- **REQUIRED WORK**: Your answer must be the data repeated exactly, with no pictures in it.

- **RECORDED INFORMATION**:

──────────

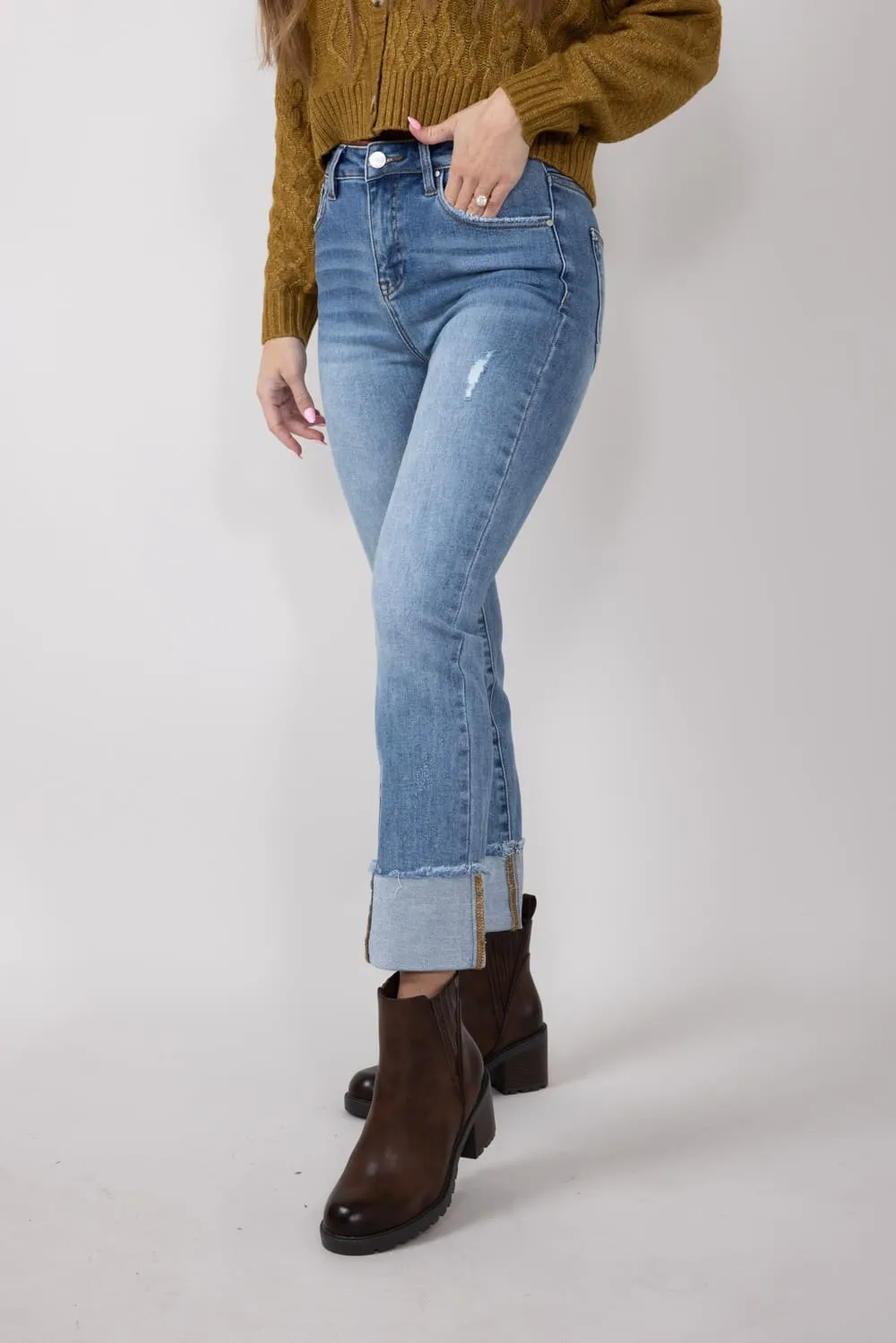 Risen High Rise Cuffed Straight Leg Jeans for Women | RDP1282CH-LT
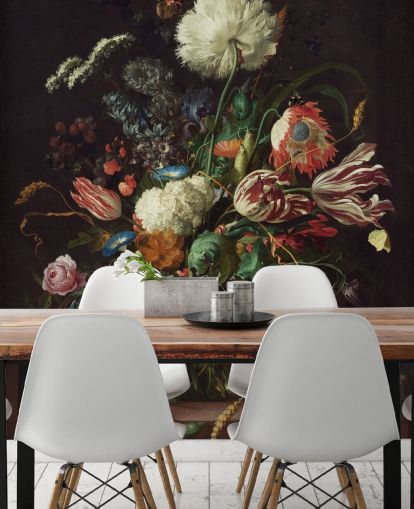 carta da parati fine art chiamata Vase of Flowers di Jan Davidsz de Heem per camere da letto, salotti e sale da pranzo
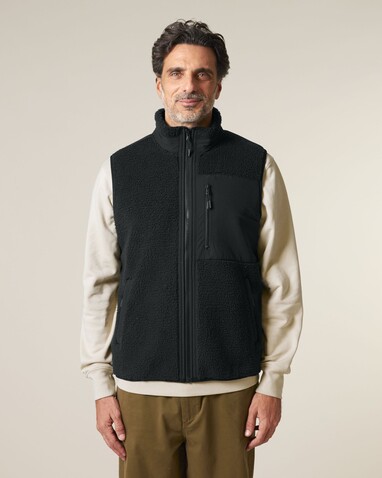 Liner - Die Unisex-Sherpaweste - Black - M bedrucken, Art.-Nr. STJU249C0021M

──────────

- **FINISHED TASK**:
 Risen High Rise Cuffed Straight Leg Jeans for Women | RDP1282CH-LT
 carta da parati fine art chiamata Vase of Flowers di Jan Davidsz de Heem per camere da letto, salotti e sale da pranzo
 Liner - Die Unisex-Sherpaweste - Black - M bedrucken, Art.-Nr. STJU249C0021M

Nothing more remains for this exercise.